- _Work to be completed_
Could you retype, exactly as written, every line from the top of the records through the line that contains "Honda PILOT TOURING"?

- _Exercise material_
---------------

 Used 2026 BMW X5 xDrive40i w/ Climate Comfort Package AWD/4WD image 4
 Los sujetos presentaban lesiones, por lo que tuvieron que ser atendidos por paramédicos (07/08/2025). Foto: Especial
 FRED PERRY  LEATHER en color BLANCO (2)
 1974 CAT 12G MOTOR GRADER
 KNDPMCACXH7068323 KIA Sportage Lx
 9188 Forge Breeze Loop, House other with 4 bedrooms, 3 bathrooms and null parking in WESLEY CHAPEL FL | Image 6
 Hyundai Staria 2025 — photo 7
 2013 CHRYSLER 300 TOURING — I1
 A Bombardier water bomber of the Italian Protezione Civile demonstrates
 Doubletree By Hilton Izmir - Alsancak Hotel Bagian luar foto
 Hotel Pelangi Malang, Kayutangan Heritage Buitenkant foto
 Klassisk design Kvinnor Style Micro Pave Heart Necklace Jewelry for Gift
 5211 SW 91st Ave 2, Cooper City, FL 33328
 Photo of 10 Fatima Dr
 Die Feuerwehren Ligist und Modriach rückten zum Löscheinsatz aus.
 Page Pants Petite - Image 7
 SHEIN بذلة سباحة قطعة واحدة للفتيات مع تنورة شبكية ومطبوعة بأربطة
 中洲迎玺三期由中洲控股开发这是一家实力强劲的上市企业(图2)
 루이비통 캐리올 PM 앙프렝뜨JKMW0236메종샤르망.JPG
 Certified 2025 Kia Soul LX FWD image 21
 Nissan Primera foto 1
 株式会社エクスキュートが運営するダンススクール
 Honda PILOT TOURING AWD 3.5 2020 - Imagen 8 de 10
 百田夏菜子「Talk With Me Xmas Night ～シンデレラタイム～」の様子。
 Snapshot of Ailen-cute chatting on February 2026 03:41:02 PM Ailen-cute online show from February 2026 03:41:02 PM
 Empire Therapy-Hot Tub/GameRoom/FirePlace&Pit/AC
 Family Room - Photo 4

---------------

- _Solution_
 Used 2026 BMW X5 xDrive40i w/ Climate Comfort Package AWD/4WD image 4
 Los sujetos presentaban lesiones, por lo que tuvieron que ser atendidos por paramédicos (07/08/2025). Foto: Especial
 FRED PERRY  LEATHER en color BLANCO (2)
 1974 CAT 12G MOTOR GRADER
 KNDPMCACXH7068323 KIA Sportage Lx
 9188 Forge Breeze Loop, House other with 4 bedrooms, 3 bathrooms and null parking in WESLEY CHAPEL FL | Image 6
 Hyundai Staria 2025 — photo 7
 2013 CHRYSLER 300 TOURING — I1
 A Bombardier water bomber of the Italian Protezione Civile demonstrates
 Doubletree By Hilton Izmir - Alsancak Hotel Bagian luar foto
 Hotel Pelangi Malang, Kayutangan Heritage Buitenkant foto
 Klassisk design Kvinnor Style Micro Pave Heart Necklace Jewelry for Gift
 5211 SW 91st Ave 2, Cooper City, FL 33328
 Photo of 10 Fatima Dr
 Die Feuerwehren Ligist und Modriach rückten zum Löscheinsatz aus.
 Page Pants Petite - Image 7
 SHEIN بذلة سباحة قطعة واحدة للفتيات مع تنورة شبكية ومطبوعة بأربطة
 中洲迎玺三期由中洲控股开发这是一家实力强劲的上市企业(图2)
 루이비통 캐리올 PM 앙프렝뜨JKMW0236메종샤르망.JPG
 Certified 2025 Kia Soul LX FWD image 21
 Nissan Primera foto 1
 株式会社エクスキュートが運営するダンススクール
 Honda PILOT TOURING AWD 3.5 2020 - Imagen 8 de 10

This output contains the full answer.